Data section:
____

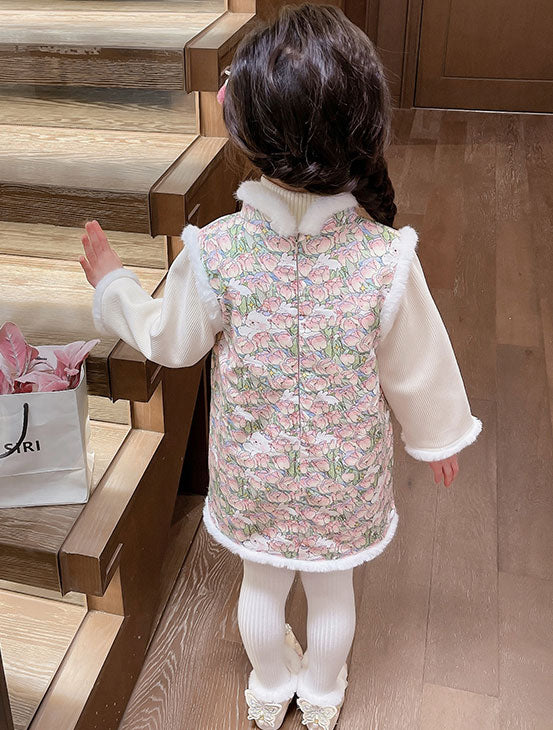Baby Girls Floral Print Winter Qipao Cheongsam Dress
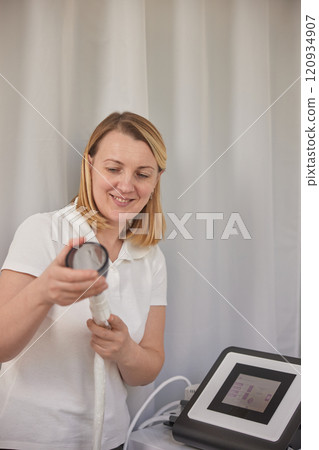 body massage, Cosmetology, skin care. Vacuum body massage can help reduce fat in problem areas, slimming, special body care equipment for slimming, lpg massage procedure, anti-cellulite roller-vacuum 120934907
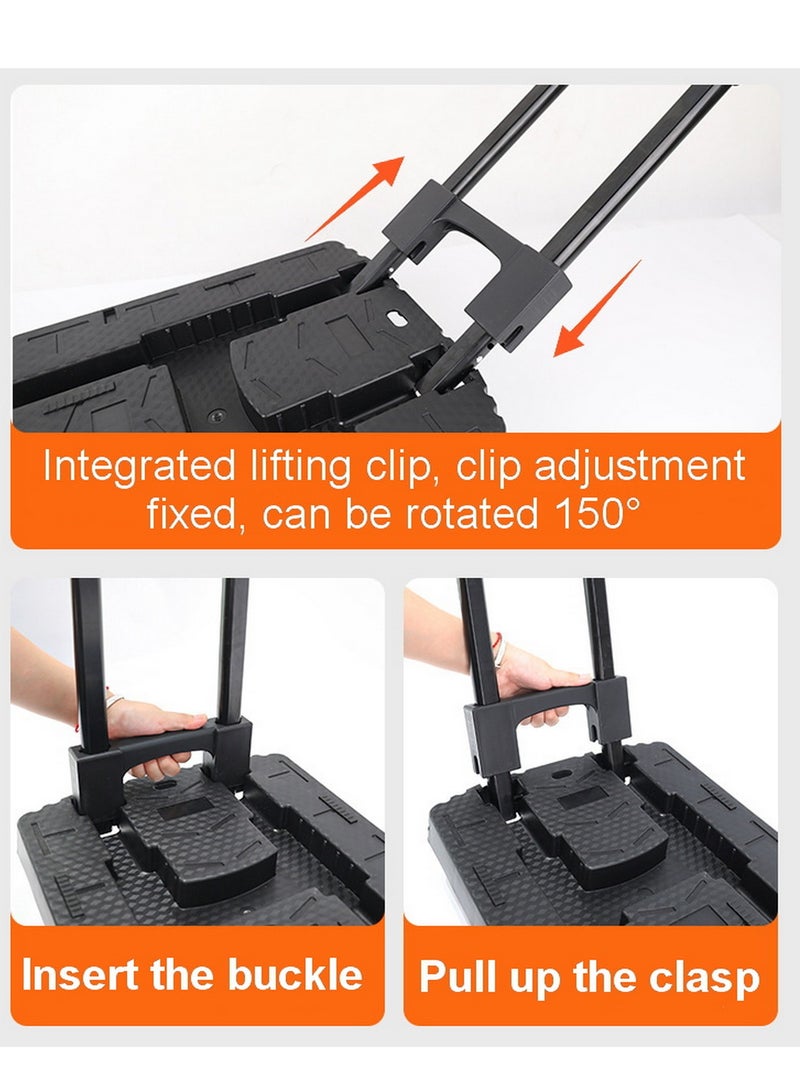 GUDOO شاحنة يدوية قابلة للطي، 6 عجلات 440 رطل عربة أمتعة شديدة التحمل، منصة محمولة عربة أمتعة قابلة للطي للأمتعة والسفر والتحرك والتسوق والاستخدام المكتبي - Image 4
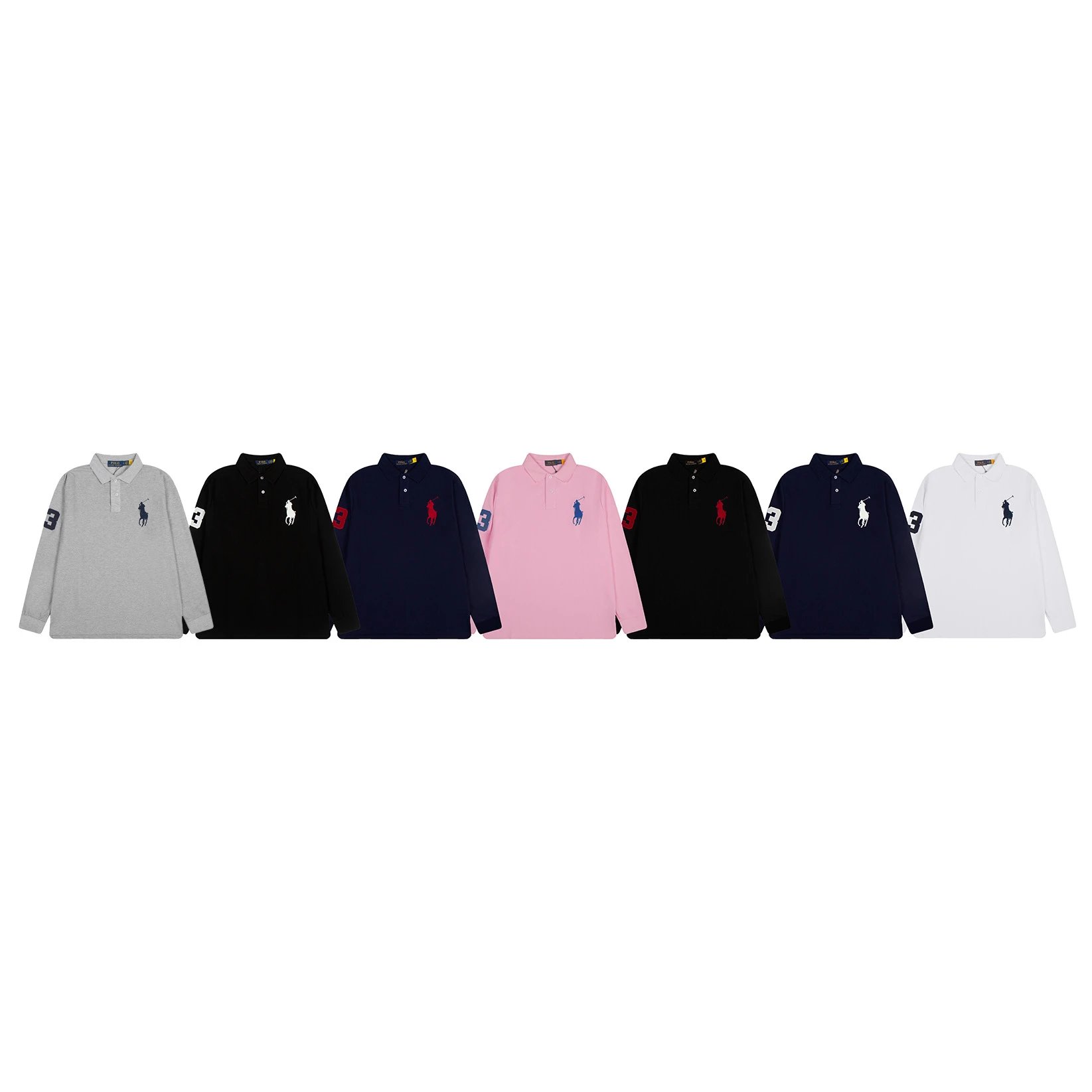 Polo Ralph Lauren Big Pony Long Sleeve Polo White Tops Polo - 3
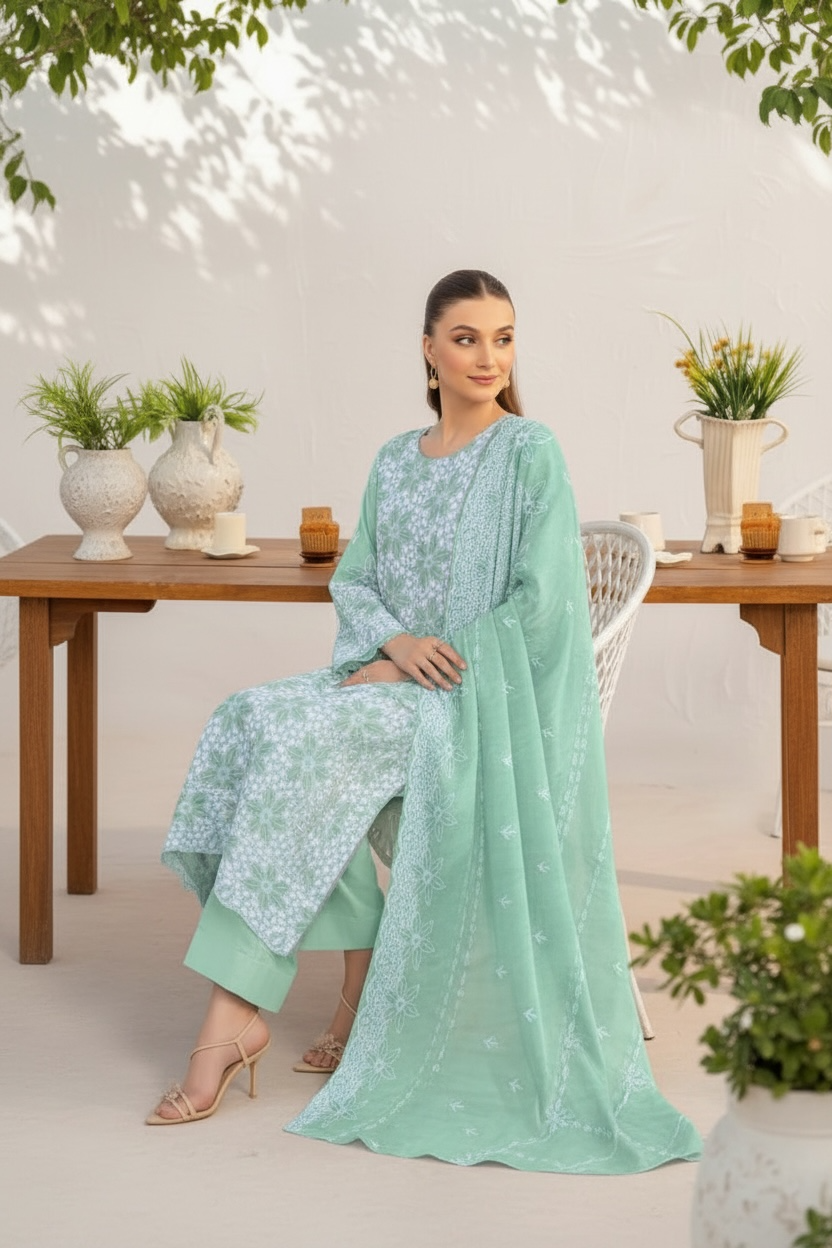 Full Chikankari Embroidered Lawn Unstitched 3pc with Embroidered Bamber Chiffon Dupatta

____

What is needed is an exact transcription of the lines from the one holding "body massage, Cosmetology, skin" to the end of the data, with every picture left out.

Result for this exercise:
 body massage, Cosmetology, skin care. Vacuum body massage can help reduce fat in problem areas, slimming, special body care equipment for slimming, lpg massage procedure, anti-cellulite roller-vacuum 120934907
 GUDOO شاحنة يدوية قابلة للطي، 6 عجلات 440 رطل عربة أمتعة شديدة التحمل، منصة محمولة عربة أمتعة قابلة للطي للأمتعة والسفر والتحرك والتسوق والاستخدام المكتبي - Image 4
 Polo Ralph Lauren Big Pony Long Sleeve Polo White Tops Polo - 3
 Full Chikankari Embroidered Lawn Unstitched 3pc with Embroidered Bamber Chiffon Dupatta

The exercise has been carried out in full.